◆ Data extract:
-------

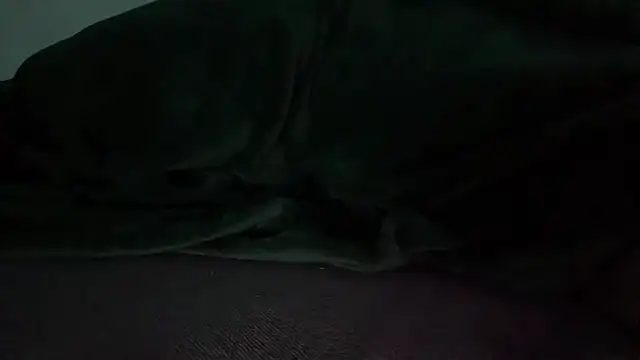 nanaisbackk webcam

-------

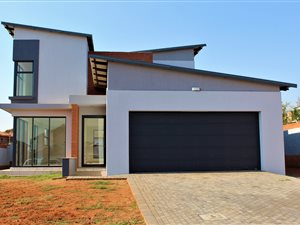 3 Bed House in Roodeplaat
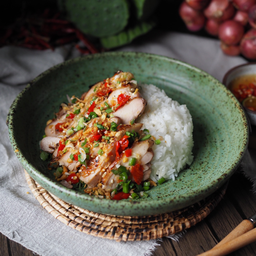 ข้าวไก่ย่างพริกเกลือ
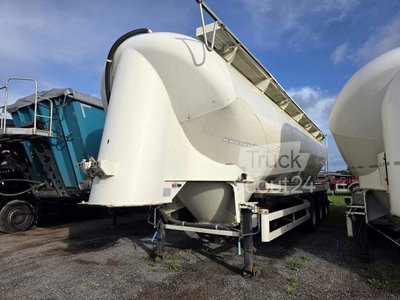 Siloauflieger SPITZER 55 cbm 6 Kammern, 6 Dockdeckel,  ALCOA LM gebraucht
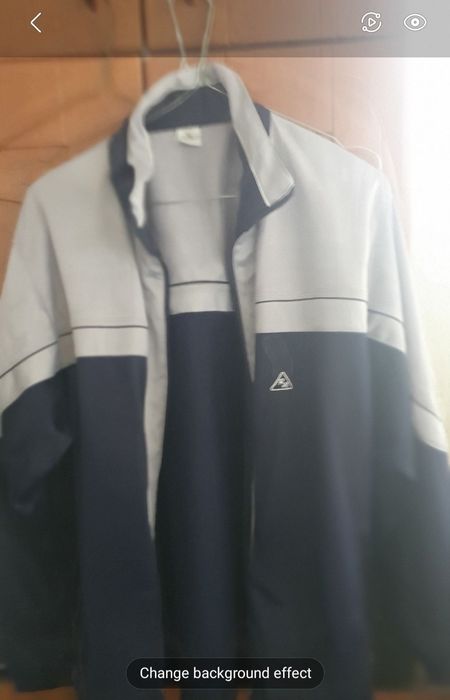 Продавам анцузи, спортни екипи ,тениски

-------

Print an exact copy of the lines above, from the one containing "Siloauflieger SPITZER 55" through the one containing "Продавам анцузи, спортни екипи ,тениски", and leave out the pictures.

 Siloauflieger SPITZER 55 cbm 6 Kammern, 6 Dockdeckel,  ALCOA LM gebraucht
 Продавам анцузи, спортни екипи ,тениски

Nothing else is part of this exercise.